Monday, September 02, 2013

Analyse: Das Ende des Westens

„Präsident Obamas Ankündigung, vom Kongress eine Genehmigung für einen militärischen Schlag gegen Syrien einzuholen, bedeutet das Ende des Westens, das Ende der westlichen Wertegesellschaft, das Ende der amerikanischen Supermacht und ihrer Rolle als Weltpolizist.“ Dani Gillermann, acht Jahre lang Israels Botschafter bei der UNO, hat mit vernichtenden Worten die Glaubwürdigkeit der Amerikaner in Frage gestellt.

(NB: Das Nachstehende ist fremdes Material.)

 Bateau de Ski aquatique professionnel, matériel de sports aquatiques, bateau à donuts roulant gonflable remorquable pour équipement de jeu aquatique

Ebenso habe die UNO ihr Ansehen mit der Giftgas-Affäre in Syrien verspielt, Hüter des Völkerrechts zu sein und im Namen der Weltgemeinschaft minimale Standards der Moral umzusetzen, meint Gillerman. Aus eigener Erfahrung als Botschafter Israels hat er am Wochenende im Rundfunk dargestellt, wie „automatische Mehrheiten“ der Blockfreien oder der arabischen Staaten in der Generalversammlung nach Wegen suchen, Israel auszusondern und zu verurteilen, obwohl Verstöße gegen Menschen- und Völkerrecht in Afrika oder in arabischen Ländern umfassender und ungleich schlimmer seien. Im UNO-Sicherheitsrat verfügen fünf ständige Mitglieder über ein Vetorecht. So blockieren sie sich gegenseitig und lähmen die UNO.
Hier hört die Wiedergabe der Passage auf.